30 Best Black Films of the Past 20 Years

Michael B. Jordan was a revelation.

12_years_a_slave_soundtrackHere’s a continuation of a Rotten Tomatoes list of the best black films since 2000.

#30 Loving (2016). A powerful, yet understated story about an interracial couple in Virginia when that was not legal in 16 states across the country.
#29 TONI MORRISON: THE PIECES I AM (2019) – I was looking forward to seeing this, yet I missed it. #28 BLINDSPOTTING (2018) – ditto. #27-#25. Don’t know.

#24 O.J.: Made in America. Ignoring the question of whether this is actually a movie – I saw it over several nights on ESPN – I think it was an important project. A lot of people thought the filmmakers would serve as apologists for Simpson. They were not. And thinking about it through today’s lens, it’s quite possible that if the cops who beat Rodney King in Los Angeles had been convicted, O.J. might have been as well.

#23 TANGERINE – I am not familiar.
#22 The Last Black Man in San Francisco. If linear storytelling is your thing, this will annoy or at least confuse you. But it was worthwhile.
#21 FRUITVALE STATION (2013) – I both wanted to see this movie with Michael B. Jordan, and was afraid to, knowing how the real story ended.
#20 Fences (2016) Denzel stars and directs this adaptation of the August Wilson play. The backyard scenes were a little “stagey” but it worked overall.

The lives of background singers

#19 20 Feet from Stardom. I LOVE this film! Though 13th has made a recent surge, it’s possible I’ve recommended this on FB more than any film on this list. And that was before niece Rebecca Jade was singing backup for Sheila E. and others.
#18 MUDBOUND (2017) This was an Oscar-nominated film, with Mary J. Blige up for two. It was virtually impossible for me to see unless I had Netflix. So I never did.

#17 Amazing Grace. A “found” documentary about Aretha Franklin in the church. Until I reread my review, I didn’t remember how oblivious some of the audience was.
#16 Sorry to Bother You. Mind-blowing. It was filmed in Oakland, CA during the summer of 2017 concurrently with Blindspotting.
#15 THE HATE U GIVE (2018) Another “I should see that” film.
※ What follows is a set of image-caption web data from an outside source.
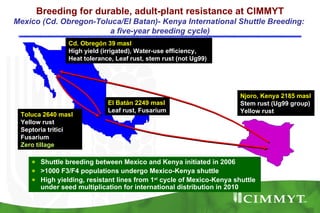 Breeding for durable, adult-plant resistance at CIMMYT
Mexico (Cd. Obregon-Toluca/El Batan)- Kenya International Shuttle Breeding:
                        a five-year breeding cycle)
               Cd. Obregón 39 masl
               High yield (irrigated), Water-use efficiency,
               Heat tolerance, Leaf rust, stem rust (not Ug99)




                                                                      Njoro, Kenya 2185 masl
                            El Batán 2249 masl                        Stem rust (Ug99 group)
                            Leaf rust, Fusarium                       Yellow rust
 Toluca 2640 masl
 Yellow rust
 Septoria tritici
 Fusarium
 Zero tillage

    ● Shuttle breeding between Mexico and Kenya initiated in 2006
    ● >1000 F3/F4 populations undergo Mexico-Kenya shuttle
    ● High yielding, resistant lines from 1st cycle of Mexico-Kenya shuttle
      under seed multiplication for international distribution in 2010
 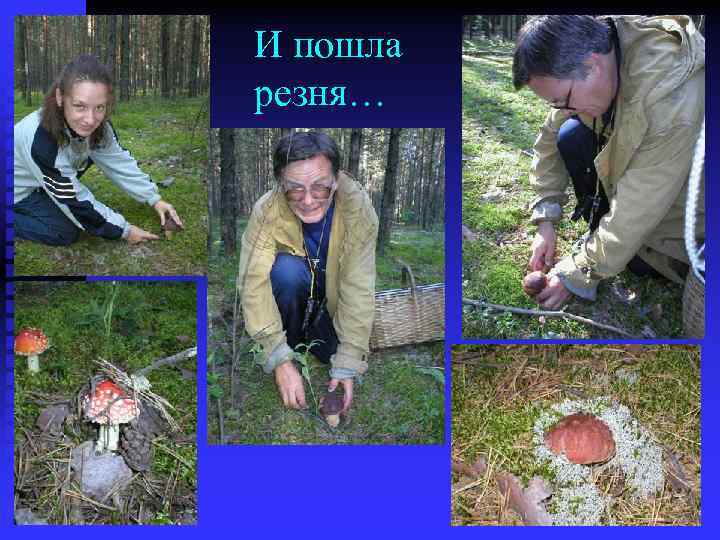 И пошла резня… 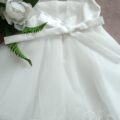 IMG_20250318_114203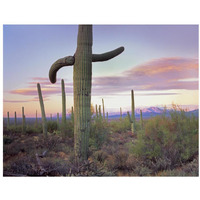 Saguaro cactus field with Sierrita Mountains in the background, Saguaro National Park, Arizona-Paper Art-34"x26"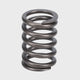 Valve Spring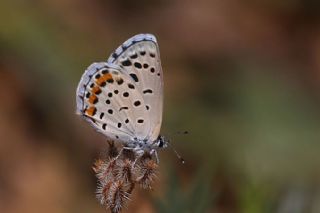 Himalaya Mavisi (Pseudophilotes vicrama)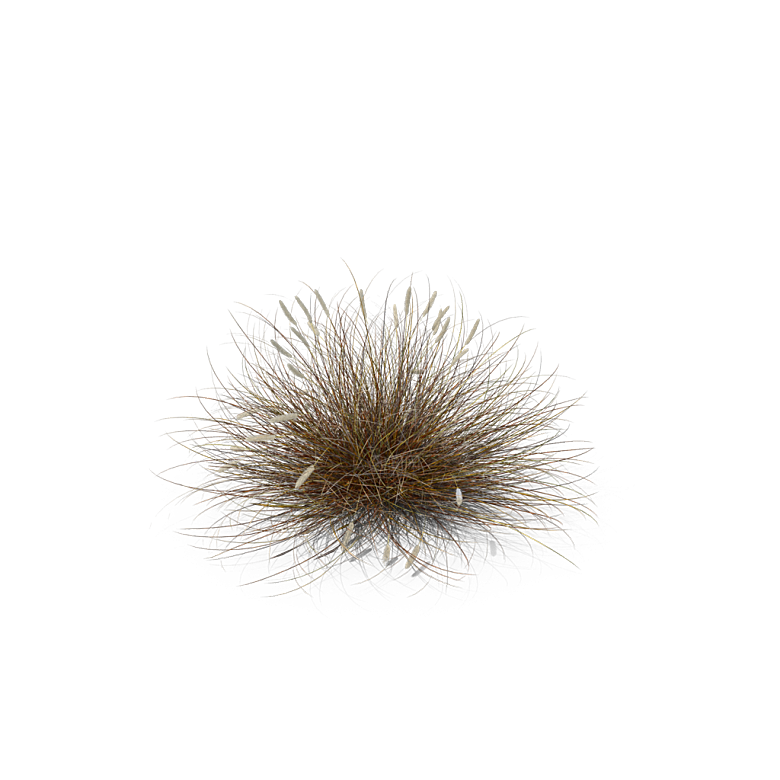 蕨类植物小草丛免抠素材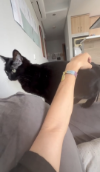 INDI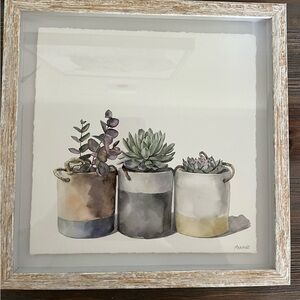 11x11 Frame Potted Succulents Pastel Colors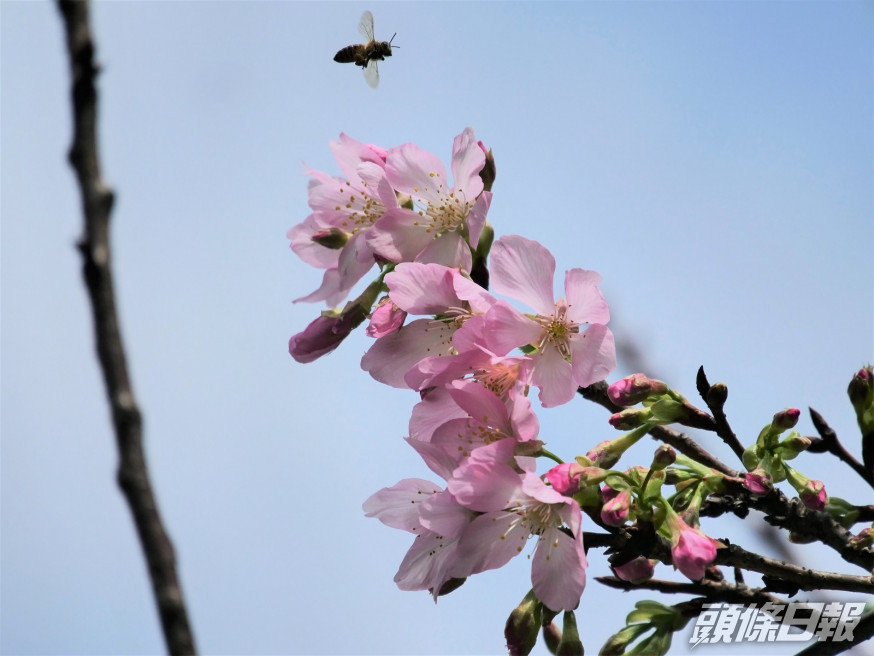 香港單車館公園內的鐘花櫻桃。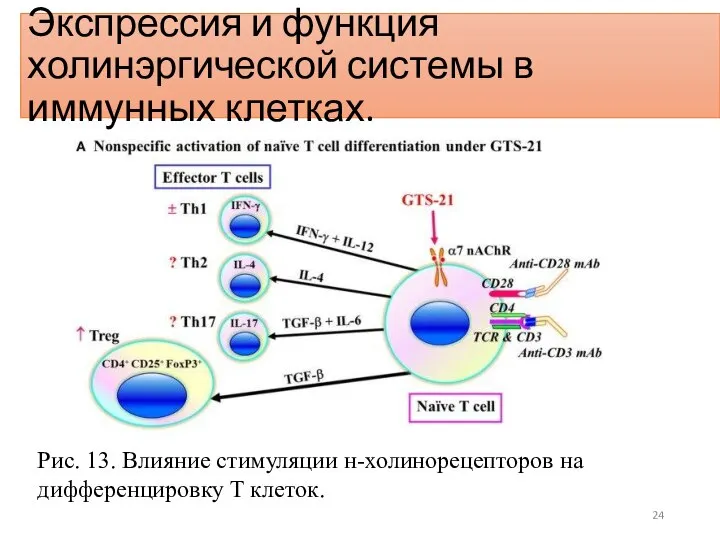 Экспрессия и функция холинэргической системы в иммунных клетках. Рис. 13. Влияние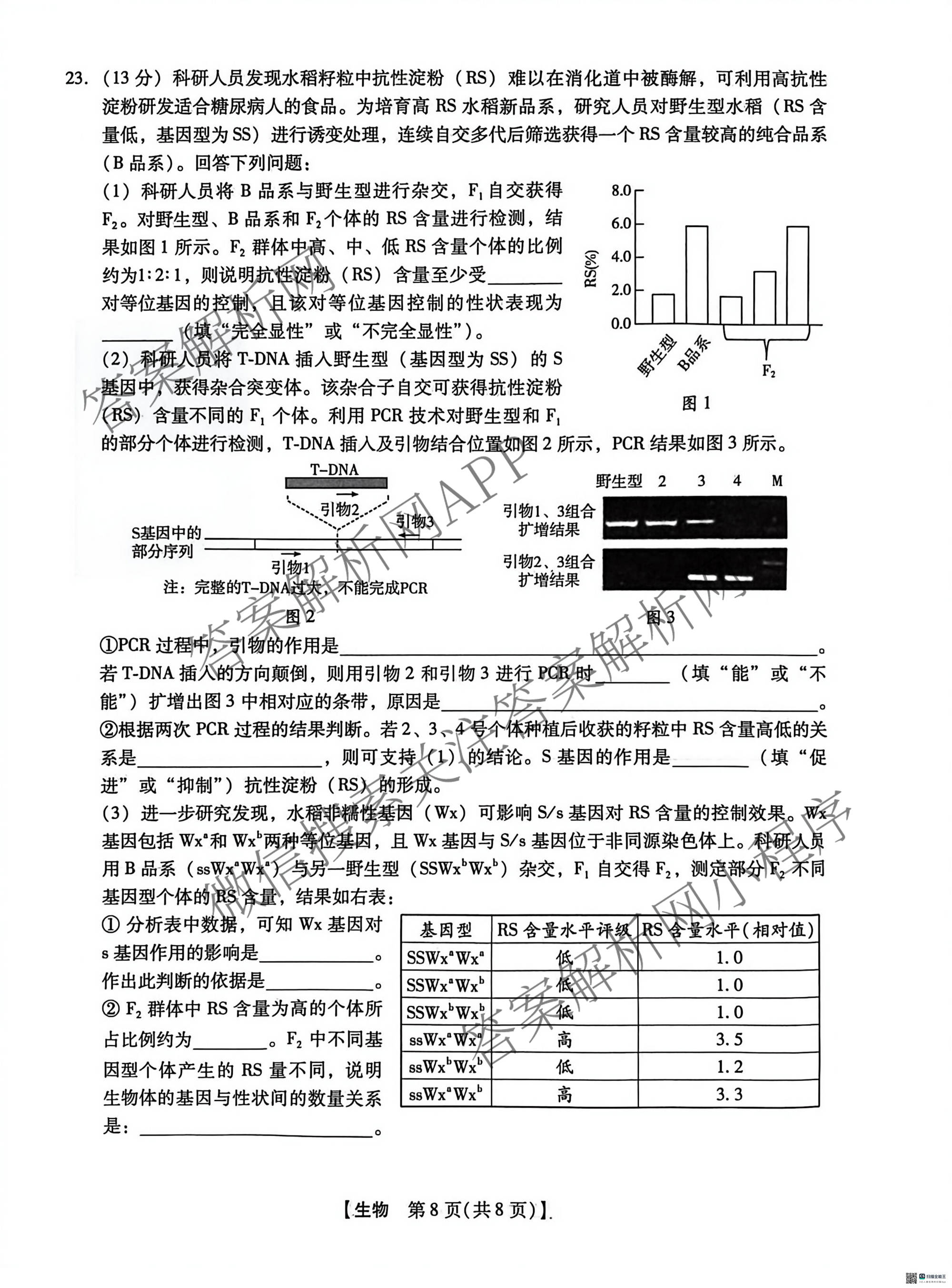 河北省沧州市2026届高三下学期3月阶段检测(无标题)（含政治、数学、语文等9份）生物试题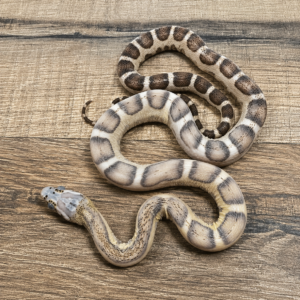 Caramel het amela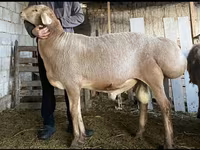 كبش, Hissar sheep — الصورة 3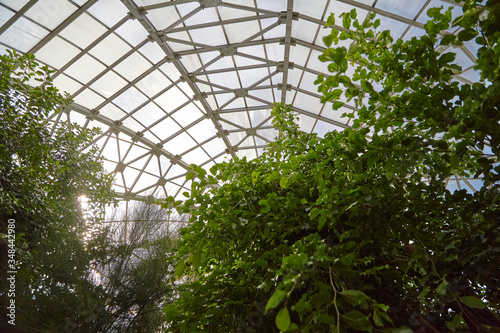 Botanical garden glass ceiling. Donetsk. Ukraine © glebchik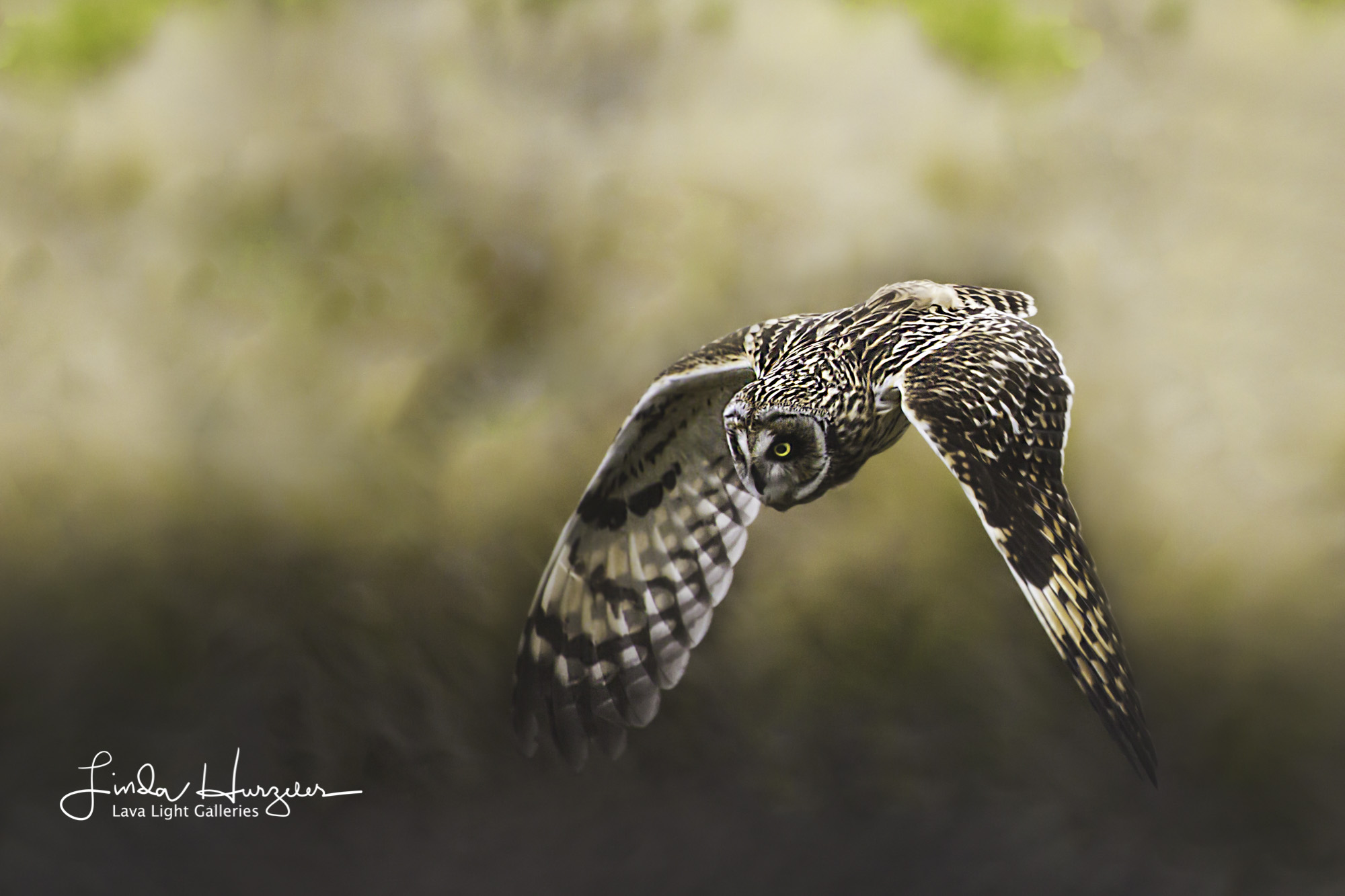 Lots of owls (Pueo in Hawaiian) on The Big Island.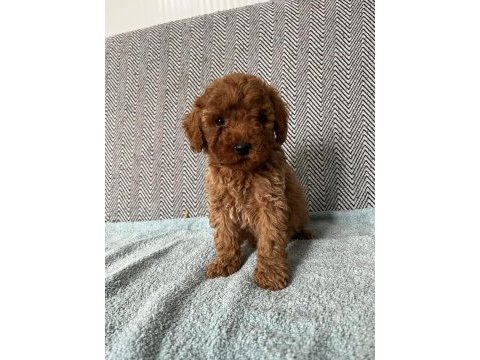 Minik pati poodle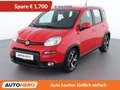 Fiat Panda 1.0 Mild-Hybrid Sport Rot - thumbnail 1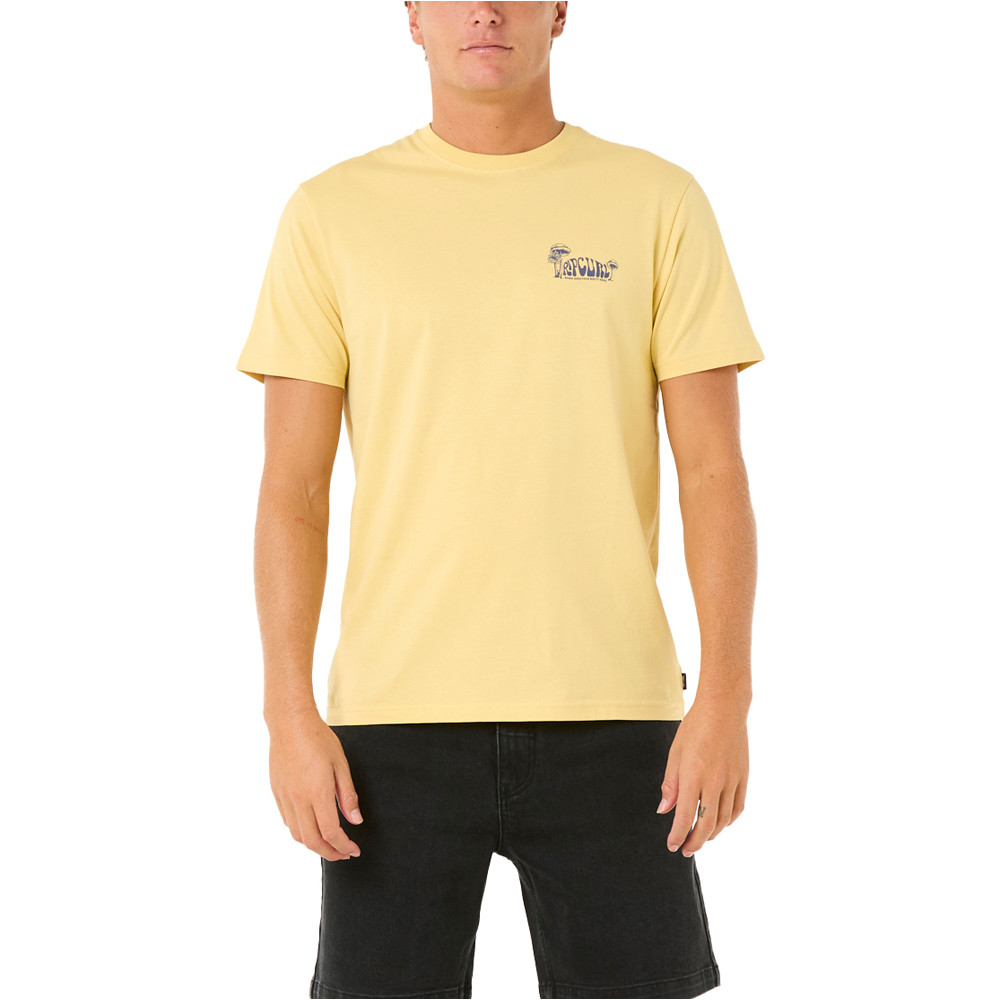 Rip Curl camiseta manga corta hombre KEEP ON TRUCKING TEE vista frontal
#14 Hidden Figures (2017). It may not have been the “best” film of that year. But it was almost certainly the most enjoyable, one that I could watch again. And educational to boot.
#13 DOLEMITE IS MY NAME (2019) Another movie primarily released on Netflix, so I missed it.
#12 Creed (2015). I am shocked by how much I, and especially my wife, enjoyed this addition to the Rocky franchise. Michael B. Jordan was a revelation.

#11 I Am Not Your Negro (2017). Two things from my review. Someone wrote that the film is “important. And urgent. And almost certainly unlikely to be seen by the people who would benefit from it most.” And it’s sometimes rapid-fire delivery made me want to watch it again on DVD, so I could pause it and absorb the information.
#10 WIDOWS (2018) It is a heist movie, and after seeing the trailer, I was disinclined to see it.

Glory

#9 12 YEARS A SLAVE (2013). Many white people of my acquaintance, including a lot of church folks, said that I really should see it. I don’t WANT to. Nope. They say, “But it has a local angle.” Don’t want to. As Rotten Tomatoes notes, “It’s far from comfortable viewing…”
#8 If Beale Street Could Talk. My wife and I loved the couple at the heart of the story.

#7 Selma. I’ve seen at least a half dozen movies on this list on the MLK holiday weekend, including this. I thought this was a fine film, although I spent a chunk of my review defending the film against criticism of its use of poetic license. And I love the song Glory.
#6 Moonlight. A very good film, but often quite sad.
#5 SPIDER-MAN: INTO THE SPIDER-VERSE (2018) – I REALLY want to see this movie, still, and I probably will.

#4 GET OUT (2017) a horror/comedy film. Maybe one of these days.
#3 BlacKkKlansman (2018). I recall defending this film quite a bit on FB. The coda was devastating.
#2 US (2019) maybe I’ll see this, although the trailer was quite creepy.

#1 Black Panther. My friend ADD wrote this, which I quoted: “Millions of African-Americans and others… found in the… film an inspirational culture in which they could see themselves and their own history.” And it was, in part, the really cool Wakanda culture, that resonated so much.